前回の人口問題では、「人口減少」の弊害とし、労働者人口の減少による生産力の低下を指摘する意見があることを述べたが、そもそも現在の日本において労働力というものは不足しているのであろうか。

 むしろ若者を中心として職がない、仕事がないという状況が顕在化しているのではないだろうか。これは日本に限らず先進諸国全般的に言えることだが、若者の失業率は増加傾向にある。

 日本などはニート、引きこもりという特殊事情で失業率自体はさほど高くないが、潜在的な失業率はけっして低くない。

 労働力自体はむしろ充分すぎるほど足りている。むしろ足りていないのは、「優秀なる労働力」なのだ。


 かつての労働集約的な産業社会とは異なり、現代の日本では単純肉体労働における労働力は必要とされていない。さらに情報化、IT化の進展により、肉体労働だけでなく単純事務作業における労働力も必要とはされない時代が到来している。

 工場で決まりきった作業をこなしたり、一般事務を時間でこなしたりという、単純労働力そのものが、もはや不必要なのである。そんな仕事はすでに人件費の安い海外へといってしまっている。


 それではサービス業はどうか。この分野は旺盛なる消費が継続する限りにおいては、必要とされる労働力は拡大していくだろう。だから世間では、仕事を得るためには「コミュニケーション能力」が大切であります、「コミュニケーション能力」を磨きましょうとか、盛んに大合唱している。

 「コミュニケーション能力」とは何か? まさか7ヶ国語を自由に使いこなせるような能力ではあるまい。ようするに「人に好かれる」「人にもてる」といった能力ではないだろうか。

 だが残念ながら、誰もがスマートで容姿端麗のはずはないし、陽気で社交的な性格を持ち合わせているわけではない。そもそも他人と接するのが、向き不向きということもあるだろう。そもそもこの議論には無理があるのだ。


 本当に求められる労働力とは、時代状況の急激な変化にも柔軟に対応できるような、グローバルな意味での優秀な労働力、能力のある労働力なのだ。

 たんなる平均的、もしくはそれ以下のレベルの労働力では、まったく使い物にならない時代にきている。


 私は昔から大学生などの若者に接する機会が多いが、最近とみに感じることの一つに「学生個人の能力差が拡大している」ということがある。

 大学に入学した時点で、かなりの教養や専門知識を備えていて、ある程度の留学なども経験して広い視野に立った優秀な学生と、現在までなんら目的意識もなく、飲み会だ、カラオケだ、バイトだと漫然と生活してきた学生との差異は明白である。

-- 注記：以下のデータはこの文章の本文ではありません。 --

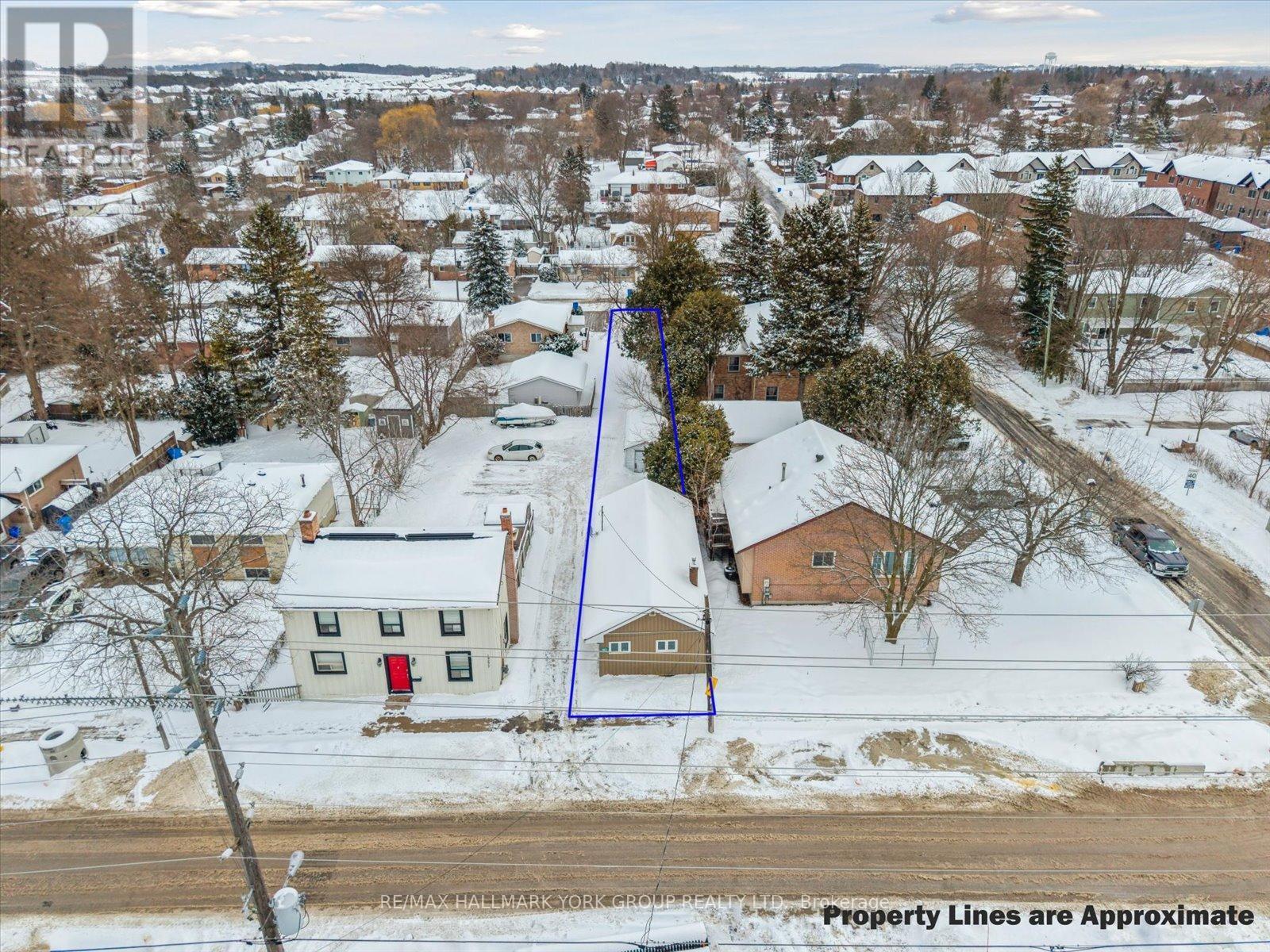 19273 Yonge Street, East Gwillimbury, ON - Outdoor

 20歳そこそこでこのような差が存在するのならば、25歳、30歳とライフステージが重ねた時点では、もうその能力の差はどうあっても埋めようがない。

 政府や自治体が盛んに実施している就職のための職業訓練なんてもので、埋まるような生易しい程度の差ではない。


 大切なことは、出生率の低下が労働人口の減少を招くと嘆くのでなく、少ない労働力予備軍の質を向上させていき、世界的なレベルでみても付加価値の高い労働人口を、いかに生み出していくかということではないだろうか。

 

 ゆえに教育は最重要課題である。